Unfortunately, that’s not how it happened. When I gave the final push and they put Aidan on my chest, I just felt relief that labor was over. I didn’t feel any kind of instant bond with him. When I looked down at him, it felt like I was watching someone else. He felt like a stranger to me. He didn’t feel like mine. I was just holding a baby. I certainly didn’t feel those feelings everyone had told me would come as soon as I held him. I thought to myself, “This isn’t right. This isn’t how it’s supposed to be.”
“What is wrong with me?”
On our first outings together, I was constantly bombarded by women saying, “Isn’t motherhood the best feeling in the world?” and “Did you ever imagine you could love anyone this much?”
I understand their excitement now. I understand their sentiments now. The problem was … I didn’t have those feelings then. I would smile, nod, and agree. I would give all the appropriate responses and say the right words. But inside, I was devastated. Motherhood wasn’t the greatest feeling in the world, and I didn’t have overwhelming feelings of love toward my baby.
That made me feel awful.

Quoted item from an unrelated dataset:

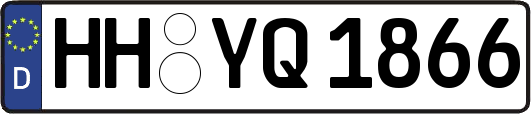 HH-YQ1866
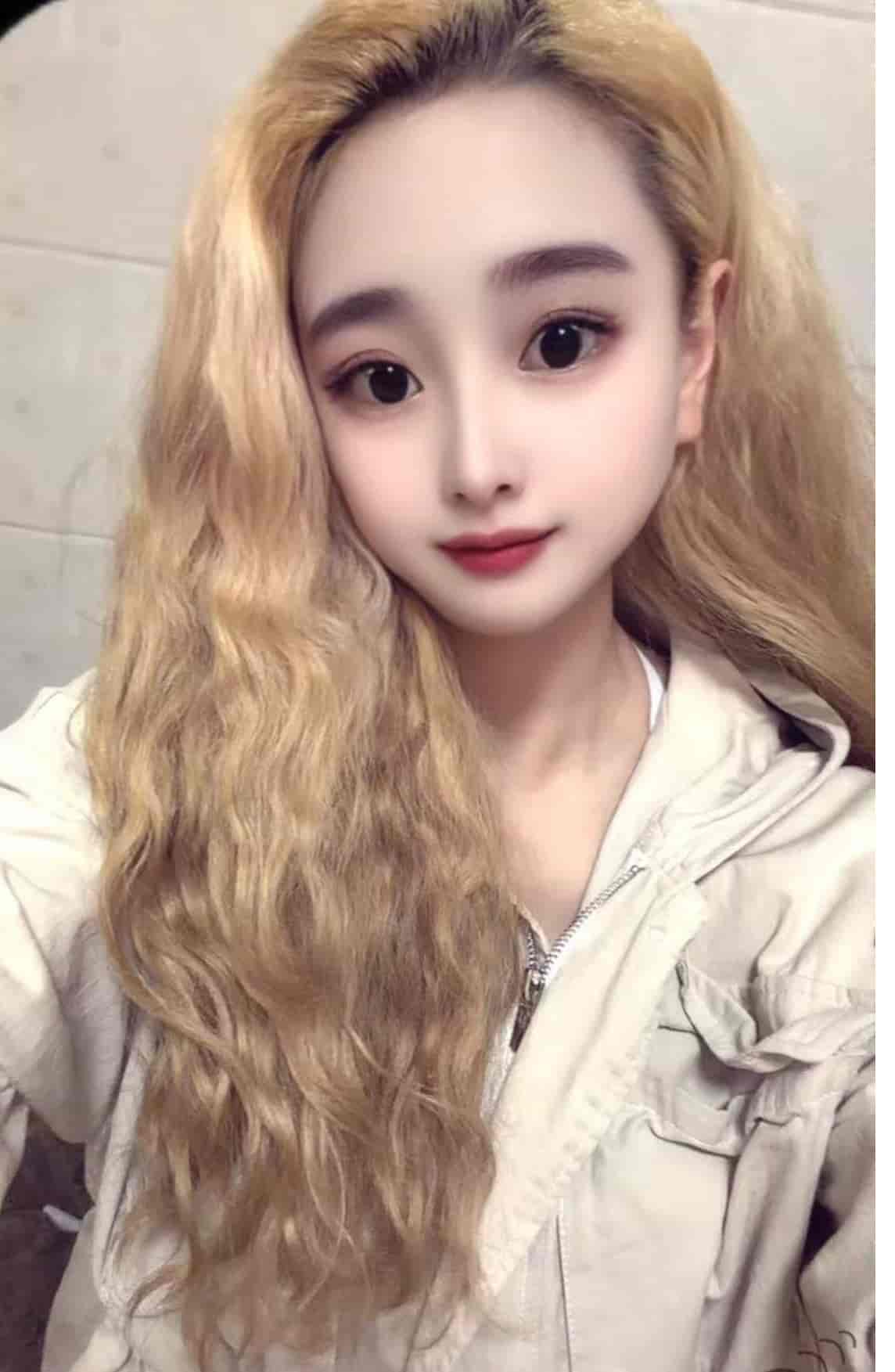 Screenshot_20260722_184154_webapp.saohuwang_edit_342504890657461.jpg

I was wracked with guilt. What kind of mother was I? My fears were coming to pass – I was not cut out to be a mom. I didn’t have the right feelings.
I didn’t know what to do. Obviously, there was no turning back. Aidan was mine regardless of my feelings. I was his mom, and he needed me. So I did the only thing I could do. I took care of my baby.
But all the while, I was distraught over the fear that I didn’t love him like I was supposed to.
Turning a Corner
A few weeks down the road, however, things started to change. As I fell into a new routine with Aidan, and I got better at caring for him, the feelings started to come. As I held him, rocked him, and snuggled him, the bond grew stronger. I stopped feeling like I was babysitting someone else’s child, and I began to connect with my precious child.
Eventually the day came that I thought, “Wow! Motherhood is the best feeling in the world! And no, I can’t imagine ever loving someone so much!” The feelings were sudden and overwhelming. And now, over two years later, I’m constantly amazed at the amount of love I have towards him, and my heart feels like it could literally burst from it.
Related post: 7 Things I Wish I Had Known Before My First Baby
Encouragement to New and Soon-to-be Moms
I let you into this very personal part of my experience to you for one reason. To let my story be encouragement and reassurance to new or soon-to-be moms. You will be flooded with well-intentioned women gushing about the wonders of motherhood. For many, those feelings come the first time they hold their babies. But it may not always come right away. Don’t be alarmed if you don’t experience the same kind of instant connection with your baby. Like me, it may just take time.
And that’s okay! Because love isn’t about feelings. Love is sacrificial. Putting your wants aside to take care of your child is love, regardless of the presence or absence of butterflies. In the meantime, don’t despair! They will come, I promise. Give yourself grace. You are fit to be a mom.